Jaxport has won contracts from several huge companies such as Disney. Jobs continue to flow in. It's hard to find an area in Jax that is not trending upward, but my personal favorite areas are downtown, Nocatee (in St. Johns), and Riverside. I work in the Jacksonville Beaches and St. Augustine. It's hard to find flips in the Jax Beach markets, but the upside is tremendous if you can find one. The properties I have listed in JB last an average of 12 days before getting under contract.

Sean, I see that you're from California, and there are some hot markets out there for sure, but I believe your looking in the right area in Northeast FL.

Best of Luck!

This article is interesting. Apparently 55 percent of property downtown Jacksonville is owned by the government. Lots of vacant land available to develop . When i was there and investing there I noticed the same thing .

Seemed unusually for their to be so much land available in or near the downtown area of the 12 largest city in America .

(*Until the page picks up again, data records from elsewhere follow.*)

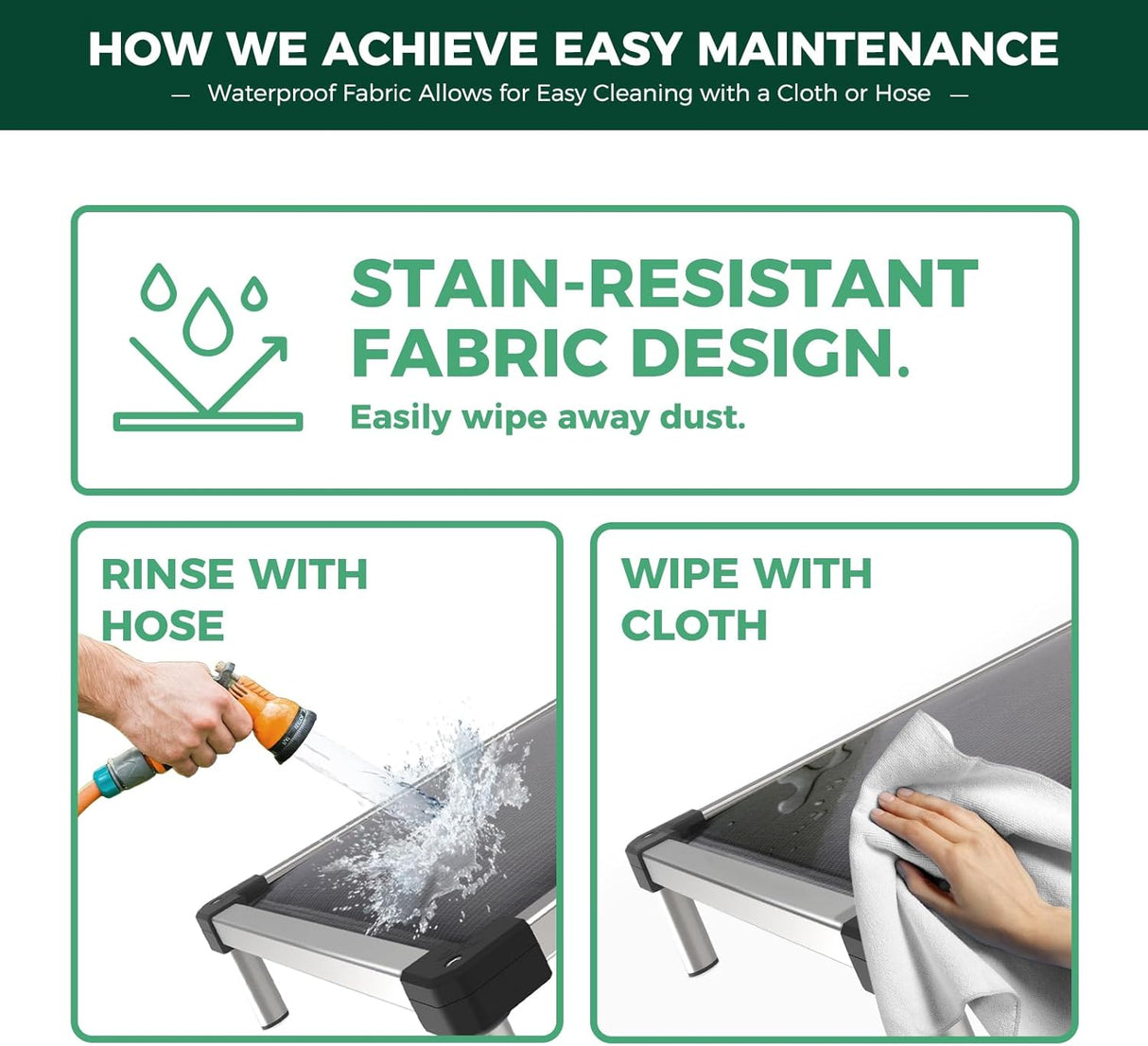 Cama para perros FXW Titanest, resistente, 50 pulgadas, lavable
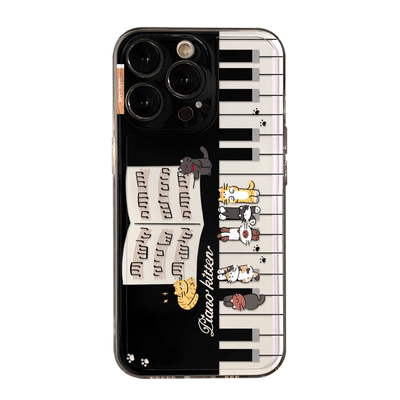 创意钢琴猫咪苹果手机壳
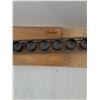 Image 12 : Long 12 Candle Holder, Festive Autumn Decor, Spruce and Maple Boards Small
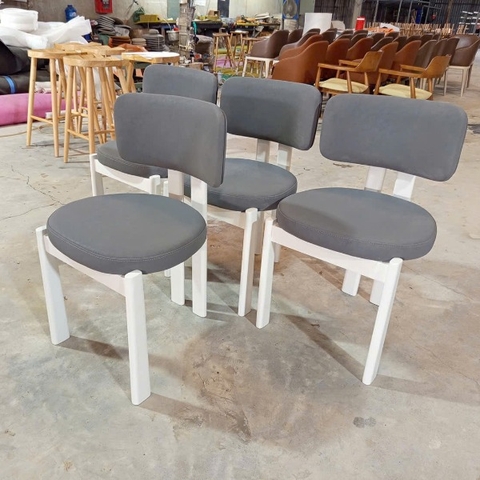 GHẾ ĂN BỌC NỆM GỖ TỰ NHIÊN - GAG98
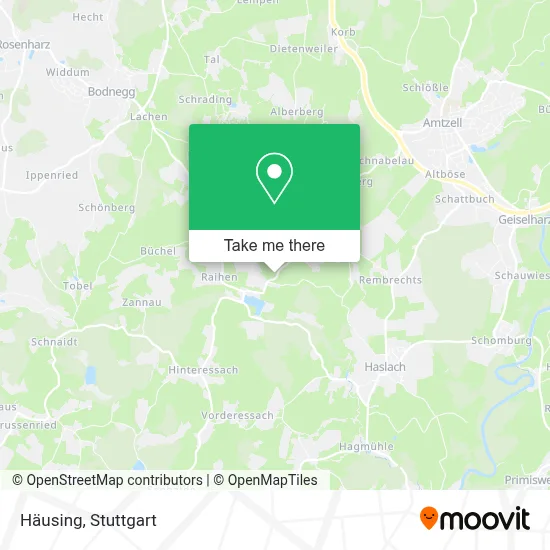 Häusing map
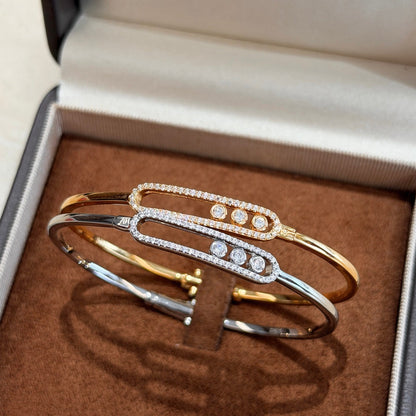 [Eterna Jewels]Move Pavé Diamond Bangle Bracelet M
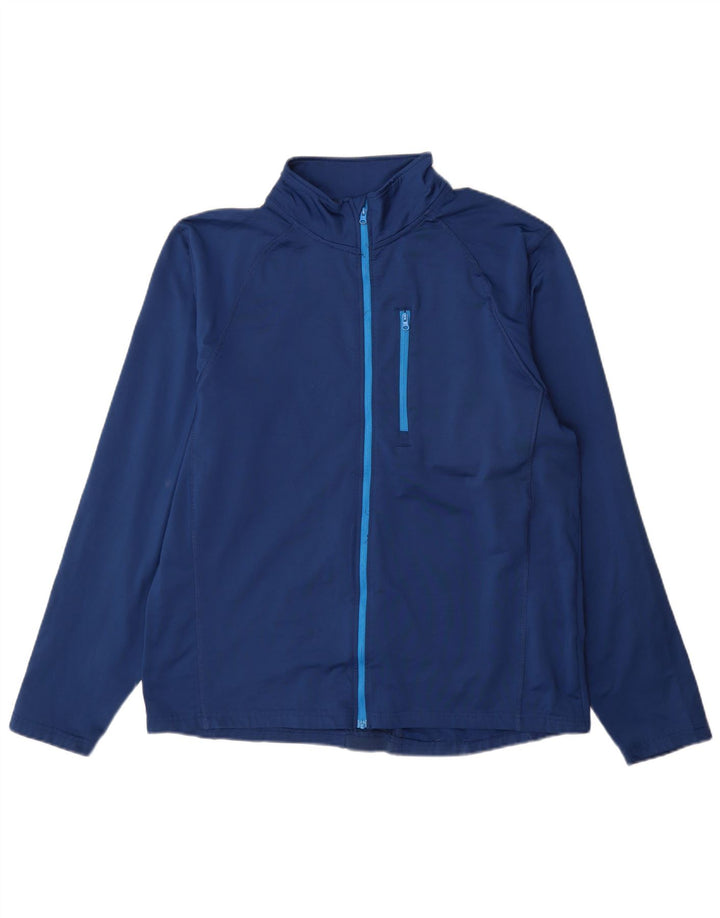 Mountain Warehouse Mens Tracksuit Top Jacket XL Navy Blue Polyester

The article also links to the 40 page study that was done . Didn't read it yet but plan to .

Study: Downtown Jacksonville Filled With 'Abundant Redevelopment Opportunities'


short and sweet the Springfield area is just too close to high crime areas imo and it is a hit or miss from one street to the next. 1 Street will be nice and the next will be dangerous and ran down.

I have lived here since 2004 and it has been “up and coming” since then.  I personally work downtown Jax.

I have a friend there. The up and coming area is a good place to invest if not in the high crime area.